Ohm demonstrated that there are no "perfect" electrical conductors through a series of experiments in 1825. Every conductor he tested offered some level of resistance. These experiments led to Ohm's law. Ohm's law of 1826 states that if the ambiant temperature remains constant, the current flowing through certain conductors is proportional to the potential difference(voltage) across it. In other words, current equals voltage divided by resistance. "I" is current, "V" is voltage, and "R" is resistance in the equation and diagrams.I=V/R
Or "V" (the voltage or the electomotive force - measured in volts) equals "I" (the current - measured in amperes) times "R" (the resistance - measured in ohms).
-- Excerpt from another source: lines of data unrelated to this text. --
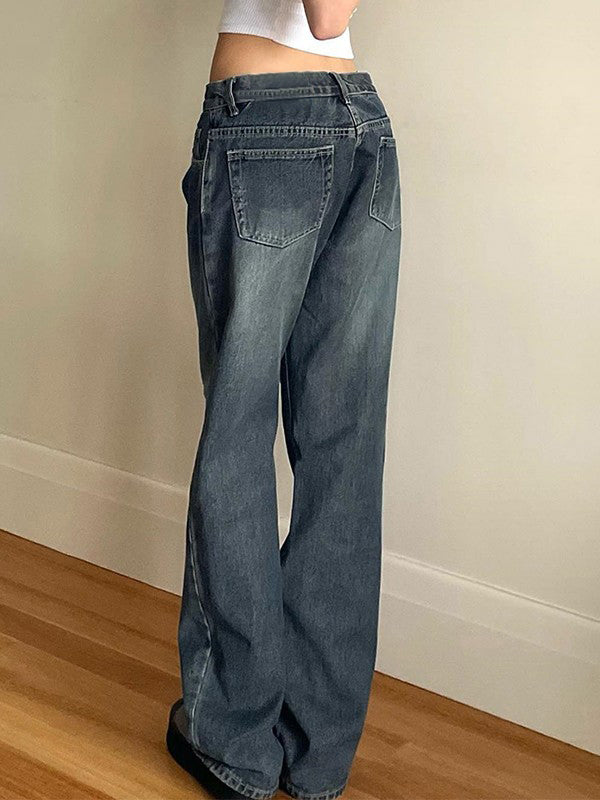 Vintage Dunkelblaue Boyfriend Jeans mit Wascheffekt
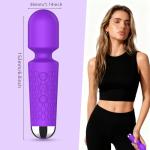 Handheld Cordless Mini Massager, Powerful Quiet with Waterproof, 20 Modes & 8 Speeds Vibration Wand for Back Neck Shoulders, Muscle Soreness Relief & Recovery (Purple)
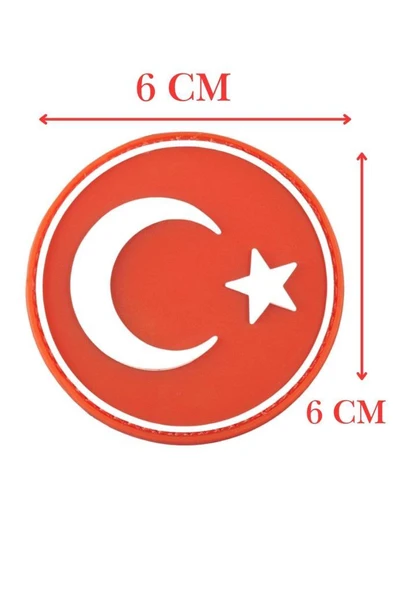 Single Sword Yuvarlak Türk Bayrağı Patch ( Peç ) 6 cm ürün görseli 1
An ohm is the SI unit of resistance. It is the resistance between two points of a conductor under a certain set of circumstances. There must be a constant difference of potential (the work required to bring a unit of electric charge) of 1 volt applied between these two points, producing the conductor a current of 1 ampere. The diagram below show exactly how Ohm's Law works with a common battery. The yellow light represents a bulb which is powered by the battery. The tan wire shows where the resistence occurs.
Resistance is property of any object or substance to resist or oppose the flow of an electrical current. The unit of resistance is the ohm. The abbreviation for electric resistance is R and the symbol for ohms is the Greek letter omega. For certain electrical calculations the reciprocal of resistance is used, 1/R, which is termed conductance, G. The unit of conductance is the mho, or ohm spelled backward, and the symbol is the reciprocal of omega.
In principle, it is relatively simple to measure the resistance of a strand of wire. Connect a battery to a wire of known voltage and then measure the current flowing through the wire. The voltage divided by the current yields the resistance of the wire. In essence, this is how your multimeter measures resistance. In making this measurement, however, we must ask two crucial questions. How is the measured resistance related to some fundamental property of the material from which the wire is made? How can we apply this relatively simple experiment to determine electrical properties of earth materials?
The problem with using resistance as a measurement is that it depends not only on the material from which the wire is made, but also the geometry of the wire. If we were to increase the length of wire, for example, the measured resistance would increase. Also, if we were to decrease the diameter of the wire, the measured resistance would increase. We want to define a property that describes a material's ability to transmit electrical current that is independent of the geometrical factors.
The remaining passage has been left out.